In [1]:
from sklearn import datasets
import numpy as np

In [2]:
# load dataset
X, y = datasets.load_boston(return_X_y=True)
print(X.shape)
print(y.shape)

(506, 13)
(506,)


In [3]:
# create virtual features, including
#   second degree of the first variable
#   second degrees of the eighth variable
#   third and second degrees of the eleventh variable

X = np.column_stack((X,np.power(X[:,0],2)))
X = np.column_stack((X,np.power(X[:,7],2)))
X = np.column_stack((X,np.power(X[:,10],2)))
X = np.column_stack((X,np.power(X[:,10],3)))

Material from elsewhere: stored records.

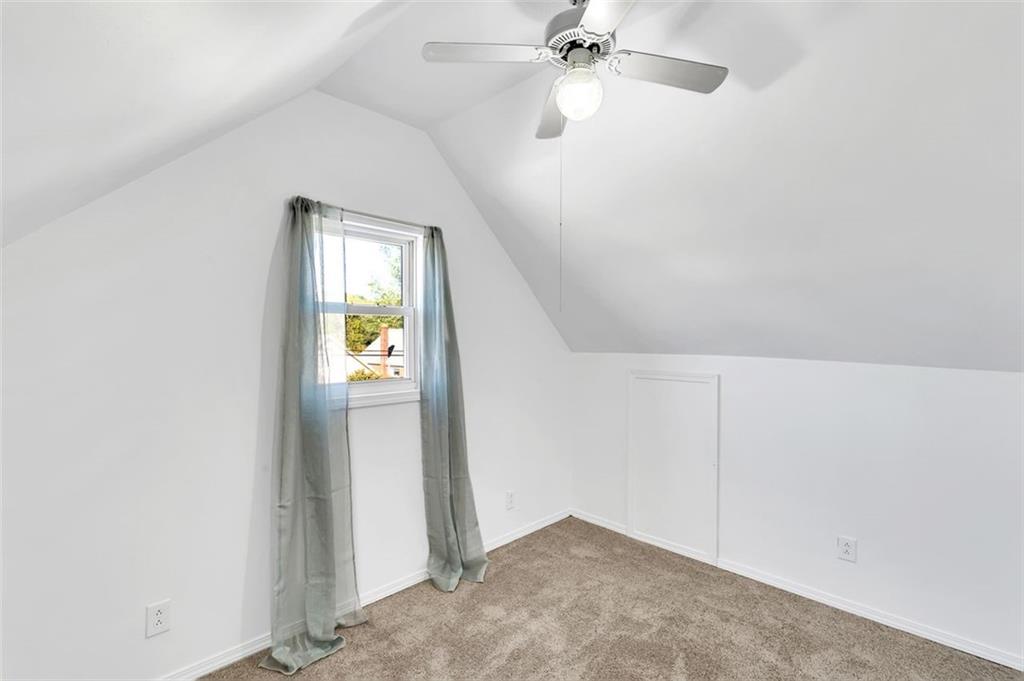 224 Trailer Boulevard Lower Burrell, PA 15068 - Photo 19 of 24 an empty room with windows and fan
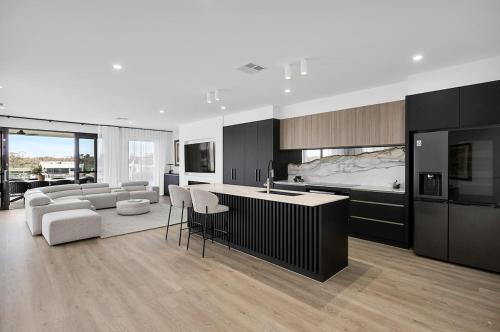 a kitchen and living room with a couch and a table at Miles on the Murray in Mildura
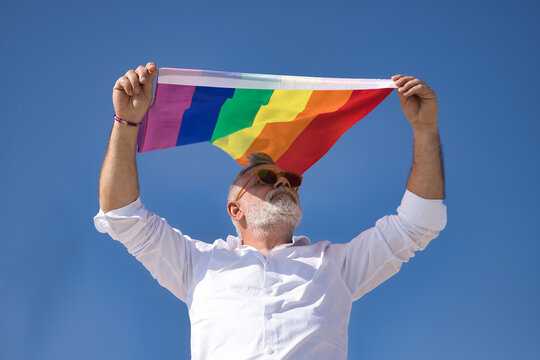 Mature, gray-haired gay man with beard, sunglasses and white shirt waving a gay pride flag in the wind under a blue sky. Concept mature gay man, sugar daddy, lgbt, lgbtiq+, pride, teddy bear.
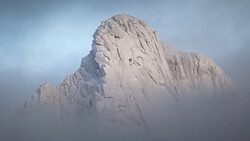 Snow-covered rocky peak emerging from thick fog and mist under overcast sky.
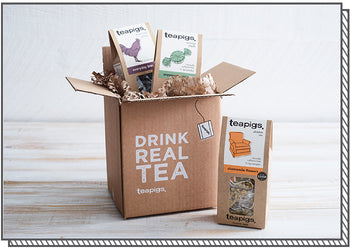 a variety of packs of tea bursting out of a delivery box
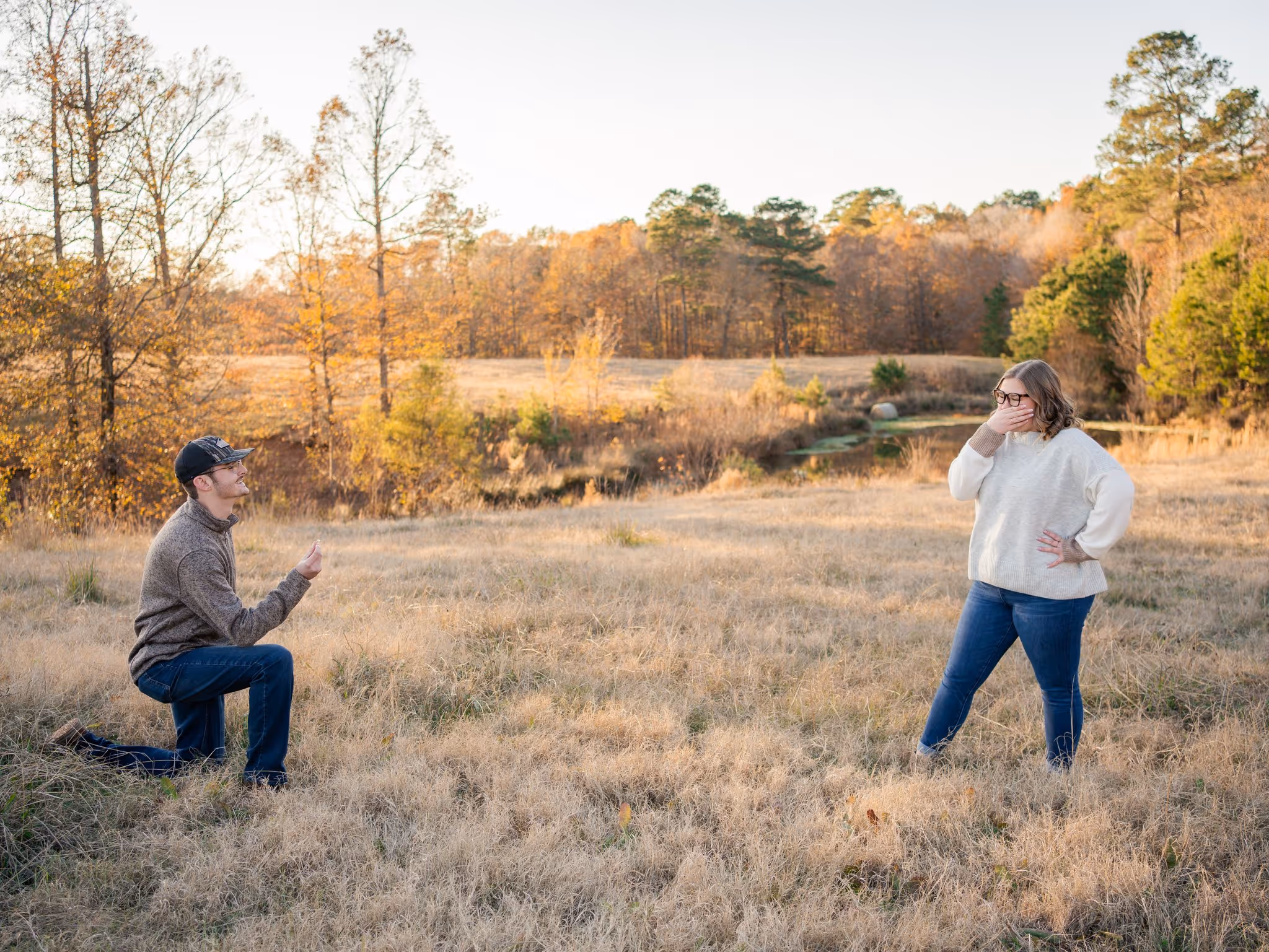 Couples portrait in a field at sunset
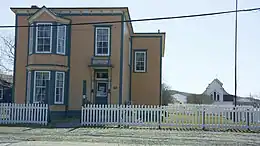 The O'Reilly House with St. Luke's Cultural Heritage Centre in the background.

# add a dimension with all 1 to account for the intercept term
interc = np.ones((X.shape[0], 1))
X = np.hstack((interc, X))
print(X.shape)

(506, 18)


In [4]:
# split training and testing dataset
train_ratio = 0.8
cutoff = int(X.shape[0] * train_ratio)
X_tr = X[:cutoff, :]
y_tr = y[:cutoff]
X_te = X[cutoff:,:]
y_te = y[cutoff:]
print('Train/Test: %d/%d' %(X_tr.shape[0], X_te.shape[0]))

Train/Test: 404/102


In [5]:
# linear regression using the normal equation
def pseudo_inverse(A):
    # Calculate the pseudo_inverse of A
    pinv = np.matmul(np.linalg.inv(np.matmul(A.T, A)), A.T)
    return pinv 

In [15]:
# fit the polynomial on the training set
beta = np.matmul(pseudo_inverse(X_tr),y_tr)

In [7]:
# evaluation functions
def MSE(prediction,reference):
    # Calculate the mean square error between the prediction and reference vectors
    mse = np.mean((prediction-reference)**2)
    return mse

def MAE(prediction, reference):
    # Calculate the mean absolute error between the prediction and reference vectors
    mae = np.mean(np.absolute(prediction-reference))
    return mae

In [8]:
# make prediction on the testing set
pred = np.matmul(X_te,beta)
mse = MSE(pred, y_te)
mae = MAE(pred, y_te)
print(mse)
print(mae)

28.8534678918
4.32632613636


### Now to regularized regression

In [9]:
# regularized linear regression 
def regularized_pseudo_inverse(A, theta):
    # Calculate the regularized pseudo_inverse of A
    pinv = np.matmul(np.linalg.inv(np.matmul(A.T, A) + theta * np.identity(A.shape[1])), A.T)
    return pinv 

In [12]:
# fit the polynomial, regularized by theta
theta = 0.5
beta_regularized = np.matmul(regularized_pseudo_inverse(X_tr, theta),y_tr)

In [13]:
# make prediction on the testing set
pred_2 = np.matmul(X_te,beta_regularized)
mse = MSE(pred_2, y_te)
mae = MAE(pred_2, y_te)
print(mse)
print(mae)

27.4731591897
4.27189745795